**RECORDED DATA:**
*** Begin section ***
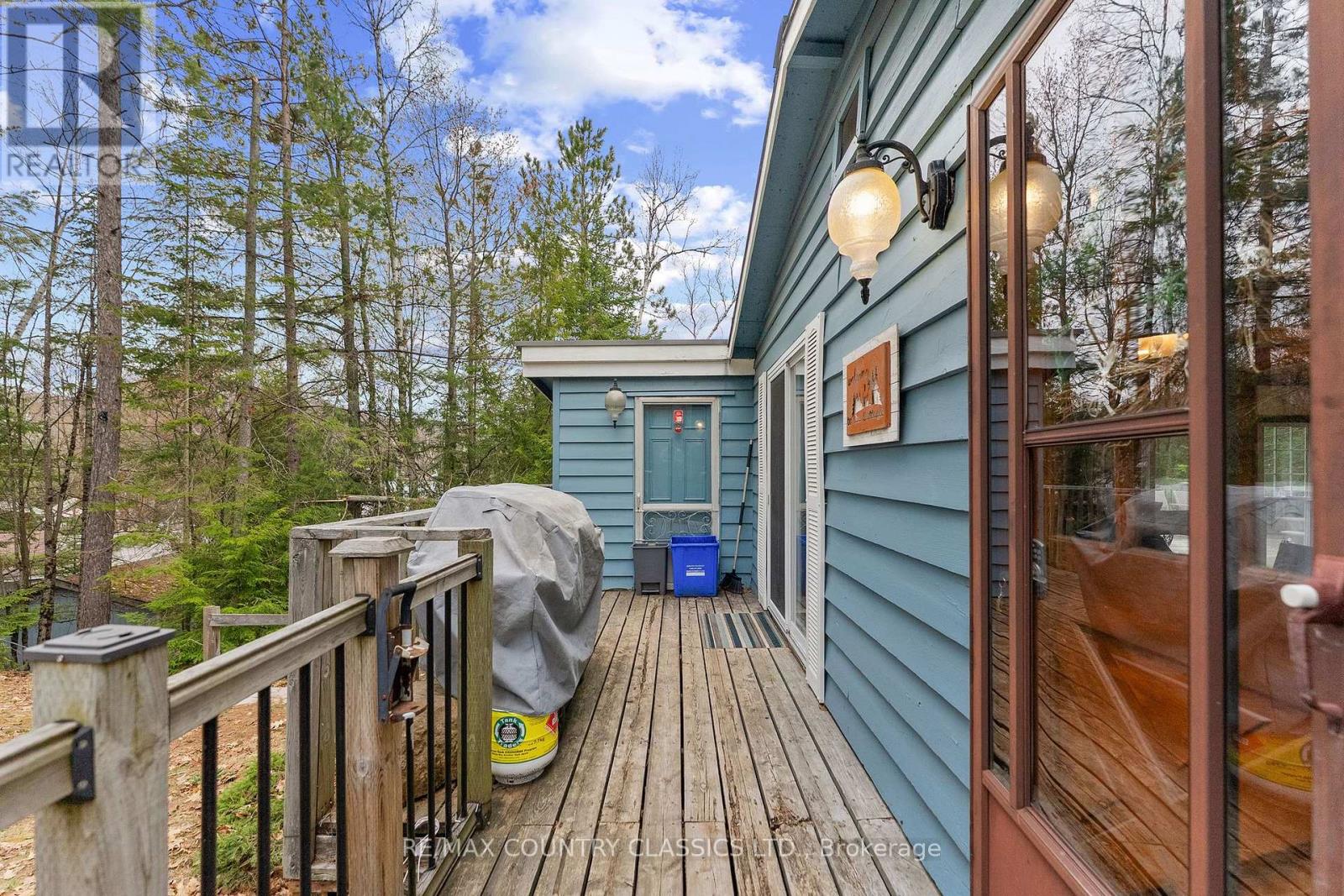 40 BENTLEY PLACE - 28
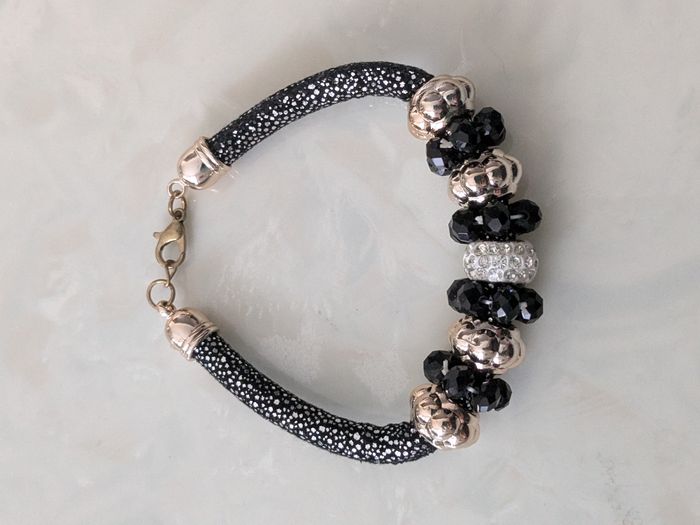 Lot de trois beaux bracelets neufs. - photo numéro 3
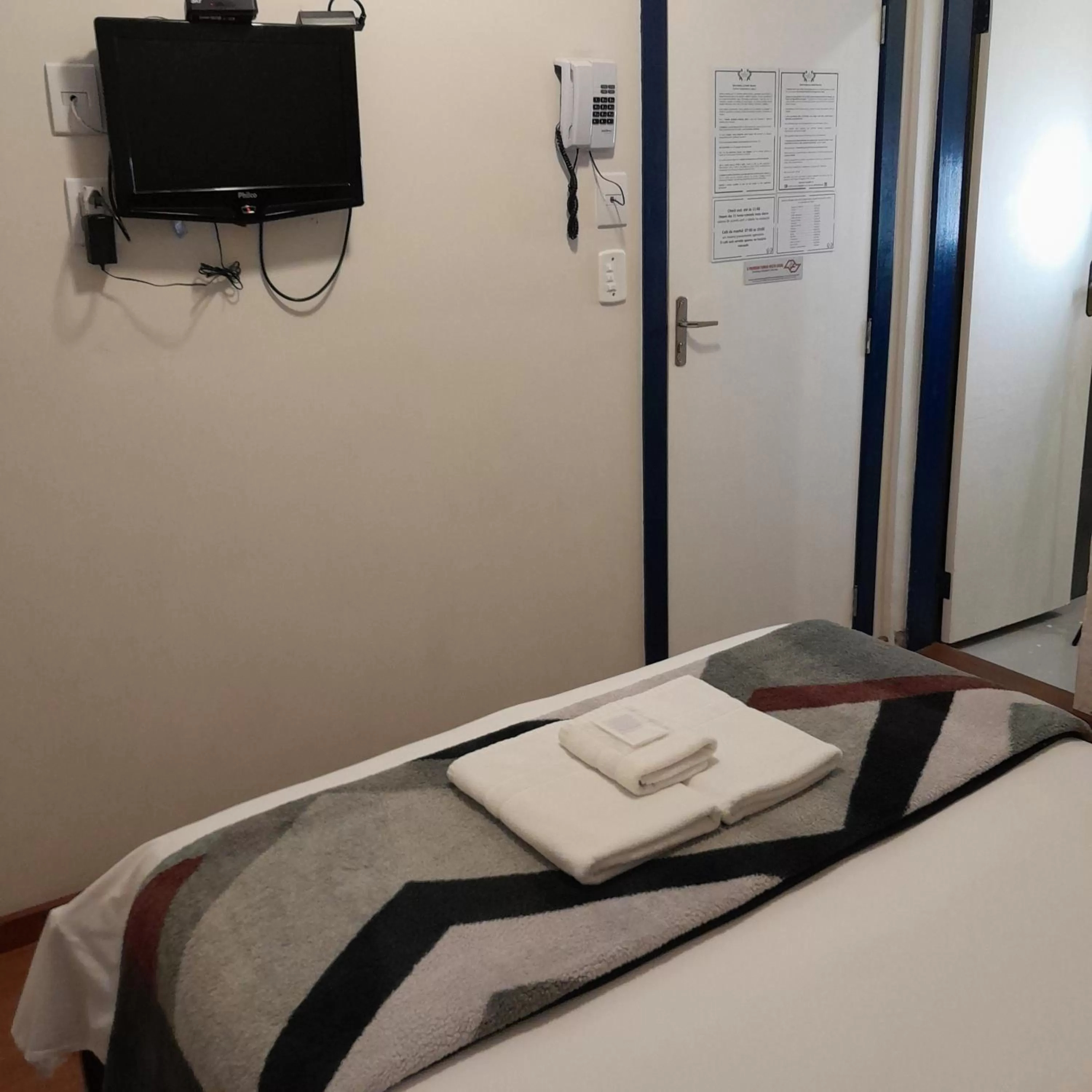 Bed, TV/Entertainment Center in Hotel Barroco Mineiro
*** End section ***
**WHAT YOU NEED TO DO:**
The reply must hold every line above exactly as written and none of the pictures.

**WRITTEN SOLUTION:**
 40 BENTLEY PLACE - 28
 Lot de trois beaux bracelets neufs. - photo numéro 3
 Bed, TV/Entertainment Center in Hotel Barroco Mineiro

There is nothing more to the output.